### YOUR GOAL
Repeat each record below exactly, dropping the pictures.

### LISTED ENTRIES
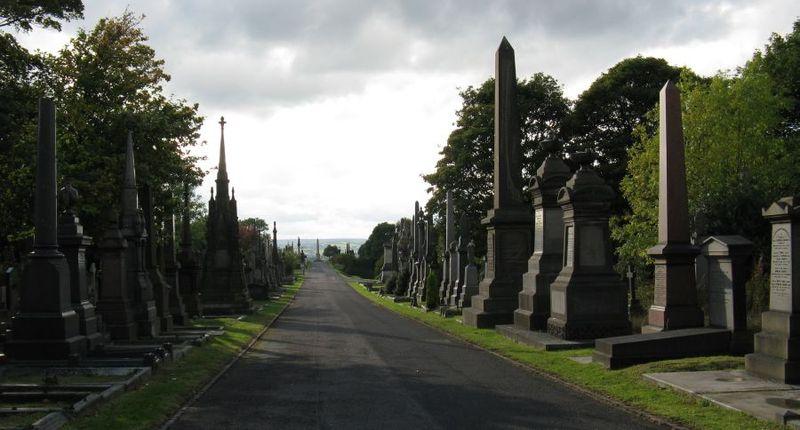 Cementerio de Undercliffe.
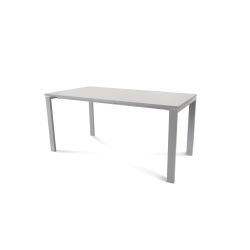 Kit Mesa Total 160 x 80 Aluminio/ Gris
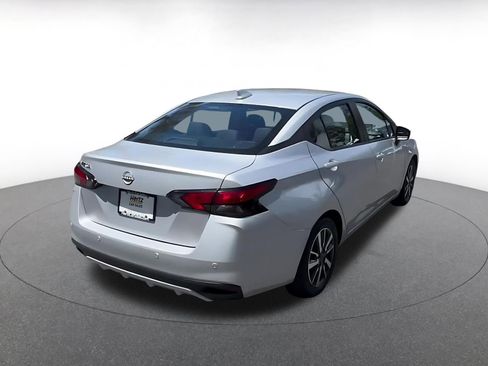 Used 2025 Nissan Versa SV FWD image 14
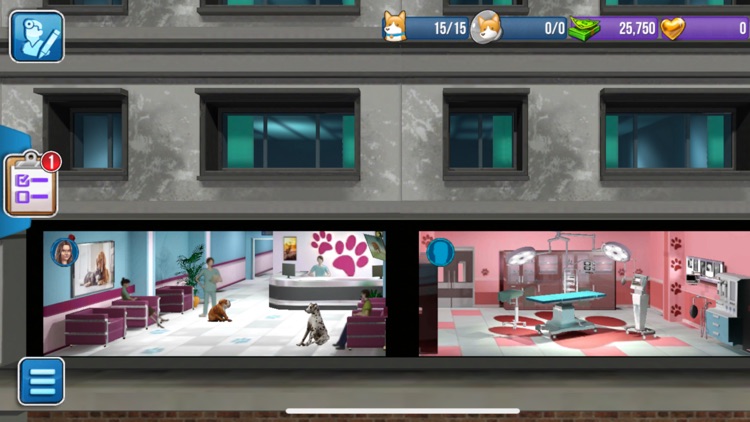 Operate Now: Animal Hospital screenshot-7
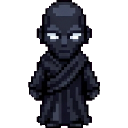 The Black Man sprite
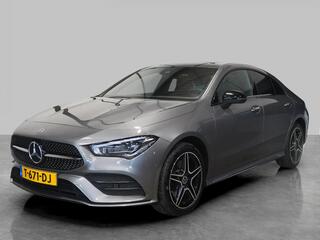 Mercedes-Benz CLA (2019 - 2025)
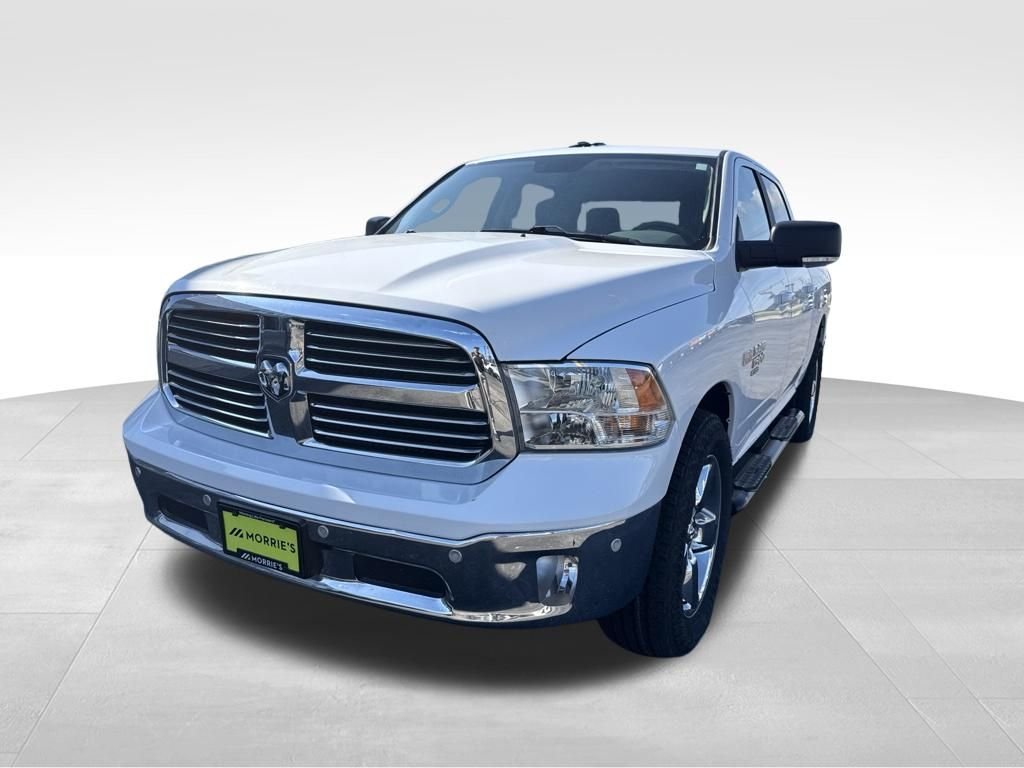 Used 2019 White Ram Big Horn image 2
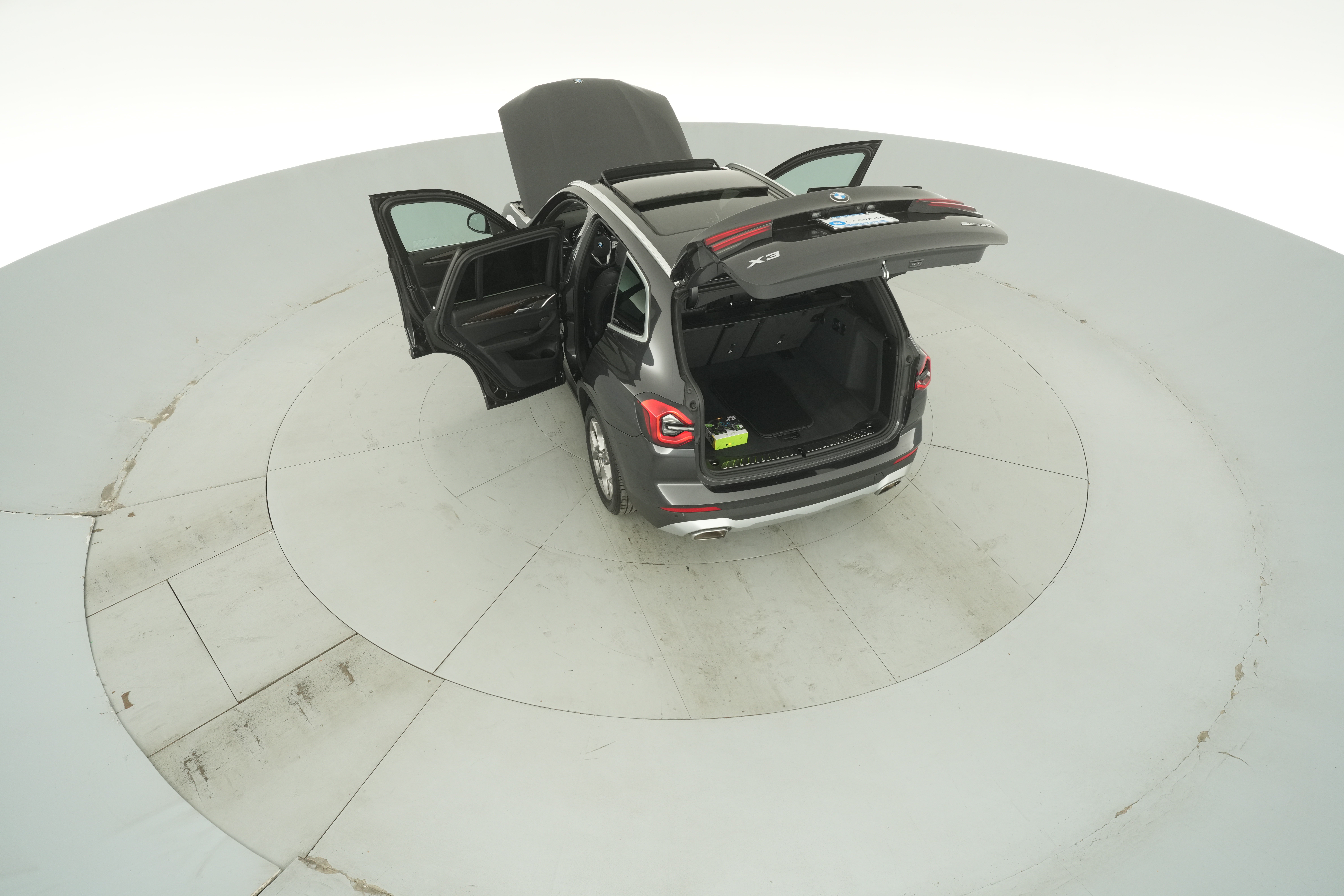 2024 BMW X3 30i - Photo 50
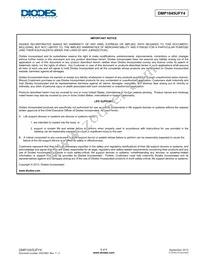 DMP1045UFY4-7 Datasheet Page 6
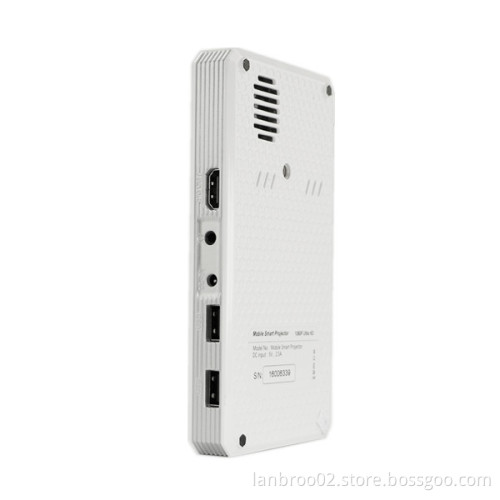 Digital Mini Projector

### WORKED SOLUTION
 Cementerio de Undercliffe.
 Kit Mesa Total 160 x 80 Aluminio/ Gris
 Used 2025 Nissan Versa SV FWD image 14
 Operate Now: Animal Hospital screenshot-7
 The Black Man sprite
 Mercedes-Benz CLA (2019 - 2025)
 Used 2019 White Ram Big Horn image 2
 2024 BMW X3 30i - Photo 50
 DMP1045UFY4-7 Datasheet Page 6
 Digital Mini Projector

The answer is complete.